* Task brief
Could you reproduce, from the records below, everything from the line with "Santa Suit for" down to the line with "SAMPLE - DOMINIC BOILERSUIT - NAVY (STAINED)", keeping both of those lines and changing nothing?

* Supplied data
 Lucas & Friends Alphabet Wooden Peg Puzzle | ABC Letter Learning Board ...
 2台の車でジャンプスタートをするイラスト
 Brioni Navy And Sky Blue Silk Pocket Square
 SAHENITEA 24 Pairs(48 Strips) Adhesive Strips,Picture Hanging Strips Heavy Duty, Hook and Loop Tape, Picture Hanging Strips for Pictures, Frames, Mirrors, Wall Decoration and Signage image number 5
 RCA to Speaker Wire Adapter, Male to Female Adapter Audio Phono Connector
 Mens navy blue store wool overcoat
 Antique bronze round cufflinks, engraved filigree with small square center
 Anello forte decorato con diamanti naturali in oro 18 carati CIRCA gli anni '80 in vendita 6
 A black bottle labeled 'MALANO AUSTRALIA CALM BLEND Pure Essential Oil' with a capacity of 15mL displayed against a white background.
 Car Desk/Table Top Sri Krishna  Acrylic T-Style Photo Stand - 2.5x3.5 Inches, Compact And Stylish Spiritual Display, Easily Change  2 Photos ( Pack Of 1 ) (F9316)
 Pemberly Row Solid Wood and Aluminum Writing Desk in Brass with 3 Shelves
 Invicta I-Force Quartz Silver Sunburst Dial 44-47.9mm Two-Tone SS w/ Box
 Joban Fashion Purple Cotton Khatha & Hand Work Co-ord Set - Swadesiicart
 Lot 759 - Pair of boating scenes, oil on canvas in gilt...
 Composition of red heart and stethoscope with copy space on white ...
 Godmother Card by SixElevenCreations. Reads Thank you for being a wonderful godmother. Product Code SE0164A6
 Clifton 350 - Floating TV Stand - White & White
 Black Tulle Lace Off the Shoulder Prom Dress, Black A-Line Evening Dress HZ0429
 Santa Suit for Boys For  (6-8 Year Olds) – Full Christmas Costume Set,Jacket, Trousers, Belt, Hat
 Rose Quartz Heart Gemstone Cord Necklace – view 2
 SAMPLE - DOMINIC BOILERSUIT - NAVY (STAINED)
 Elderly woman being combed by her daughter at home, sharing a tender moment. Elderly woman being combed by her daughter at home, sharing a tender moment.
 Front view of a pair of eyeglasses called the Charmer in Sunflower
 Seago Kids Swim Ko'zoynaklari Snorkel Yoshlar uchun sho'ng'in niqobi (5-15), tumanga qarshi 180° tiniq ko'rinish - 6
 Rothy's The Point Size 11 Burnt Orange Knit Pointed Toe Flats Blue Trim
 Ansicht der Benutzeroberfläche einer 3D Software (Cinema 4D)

* Result for this task
 Santa Suit for Boys For  (6-8 Year Olds) – Full Christmas Costume Set,Jacket, Trousers, Belt, Hat
 Rose Quartz Heart Gemstone Cord Necklace – view 2
 SAMPLE - DOMINIC BOILERSUIT - NAVY (STAINED)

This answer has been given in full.